A microporous substrate described in U.S. Patent No. 4,861,644, or a substrate similar thereto, is believed to be commercially available from PPG Industries, Inc., under the tradename Teslin. EXAMPLE 1

This Example describes the preparation of a monolayer polypropylene film prepared in accordance with the procedure of Serial No. 08/686,287. It further describes the plasma treatment of this film according to the present application and compares the properties of the plasma-treated, corona-treated and untreated film.

Polypropylene resin (MP =320 °F, melt index = 3) sold under the tradename Fina 3371 was melted in an extruder with a screw of a L/D ratio of about 20/1 and extruded into sheet form at a melt temperature of about 400 °F. The surface of the molten sheet was briefly cooled over a roll containing a circulating fluid at about 203 °F to avoid the film sticking to succeeding rolls. Subsequently, the sheet was thermally conditioned over two consecutive rolls containing a circulating fluid at about 245 °F. Then, a rapid 5.35x machine direction stretch was imposed by means of a fast roll in conjunction with a slow roll. The fast (cold) and slow (hot) rolls for conducting the machine direction stretching procedure were rubber-clad to prevent slippage of the sheet. The fast roll as well as a subsequent cooling roll contained circulating fluid at 244 °F. It was believed that the polymeric matrix material was largely uncrystallized (except for a skin layer) up to the point of the stretch in the machine direction (MD). The film was then transported for transverse direction (TD) stretching into a tenter at a speed of 9.7 ft/min. The TD stretch ratio was about 5.5x. The film was heated by infrared heaters during this operation. At the tenter exit, the film was wound on a pneumatically driven winder.
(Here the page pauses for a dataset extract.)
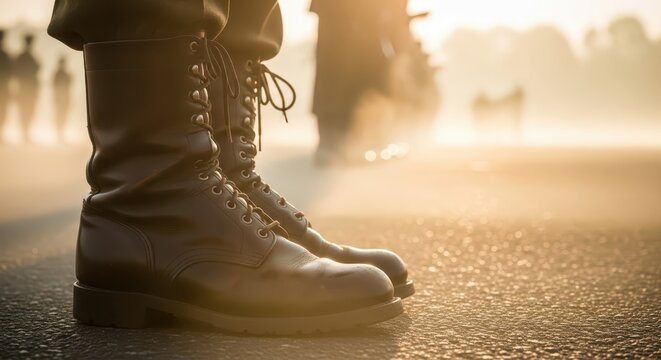 Close-up of Military Combat Boots on Asphalt Ground with Golden Hour Sunlight and Blurred Figures in Background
One roll of film was treated by an oxygen-argon plasma under vacuum, according to the conditions in Table 1. The film was supported by an 18 inch diameter, 15 inch wide cooled roll during treatment. The plasma was generated by a flat 12 inch high by 15 inch wide plate electrode placed 2.0 inches from the film at its closest point, operating at mean power of 200 W and frequency of 13.5 MHz. Optionally, a power of 50 W at a much lower frequency of about 50 kHz was also applied to the roll. The function of the roll potential was to accelerate the massive ions toward the film every half cycle, since at a plasma generating electrode frequency of 3.5 MHz, the ions are efficiently generated but are essentially entrapped away from the film. It will be noted that above- mentioned wattage values are for the power applied to the plasma generating electrode and the roll (i.e. the plasma attracting electrode); the actual power delivered to the plasma is less because of losses, especially at 13.5 MHz. Another roll of the same film was corona treated conventionally according to conditions in Table 2. Two levels of treatment power were used.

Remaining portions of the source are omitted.